18
$\begingroup$

The Hermite polynomials are defined as $H_n(x)=(-1)^n e^{x^2}\dfrac{d^n}{dx^n}e^{-x^2}.$

How does one prove that all the roots of the Hermite polynomial are real?

2 Answers 2

25

By induction, $H_n$ is a polynomial of degree $n$. Its roots are the zeros of $u_n(x) = \frac{d^n}{dx^n} e^{-x^2}$. But by Rolle's theorem, between any two zeros of a differentiable function there is a zero of its derivative.
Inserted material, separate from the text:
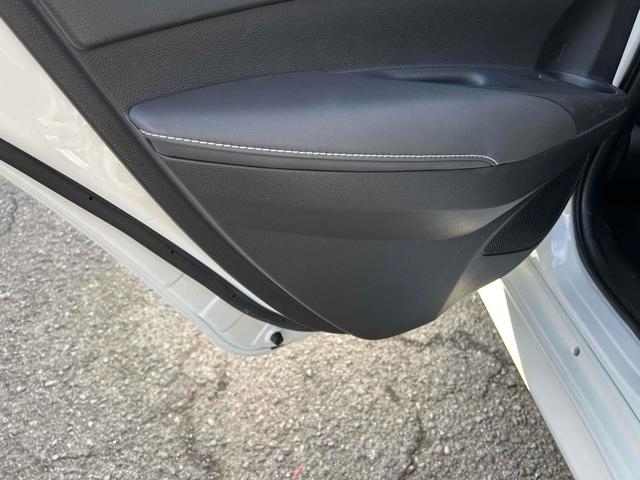 カローラスポーツ ハイブリッドＧ　禁煙車　純正８インチナビ地デジＴＶ　バックカメラ　Ｂｌｕｅｔｏｏｔｈ　ドライブレコーダー　ＥＴＣ　スマートキー　プッシュスターター　オートライト　ＬＥＤヘッドライト　トヨタセーフティーセンス（37枚目）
The same is true between a zero and $+\infty$ or $-\infty$ for a function that goes to $0$ at $\pm \infty$.

  • 0
    This is also one route to show that the Hermite polynomials form a Sturm sequence.2012-02-03
14

The high-minded, linear algebraic route involves deriving the recursion relation

$\hat{H}_{n+1}(x)=x\hat{H}_n(x)-\frac{n}{2}\hat{H}_{n-1}(x)$

for the monic Hermite polynomial $\hat{H}_n(x)=2^{-n}H_n(x)$ (that is, the polynomial normalized to have unit leading coefficient), and from this derive the symmetric tridiagonal Jacobi matrix

$\begin{pmatrix}0&\sqrt{\frac12}&&&\\\sqrt{\frac12}&0&\sqrt{\frac22}&&\\&\sqrt{\frac22}&\ddots&\ddots&\\&&\ddots&\ddots&\sqrt{\frac{n-1}2}\\&&&\sqrt{\frac{n-1}2}&0\end{pmatrix}$

whose characteristic polynomial is $\hat{H}_n(x)$. Show that the eigenvalues of a symmetric matrix are all real, and you're done.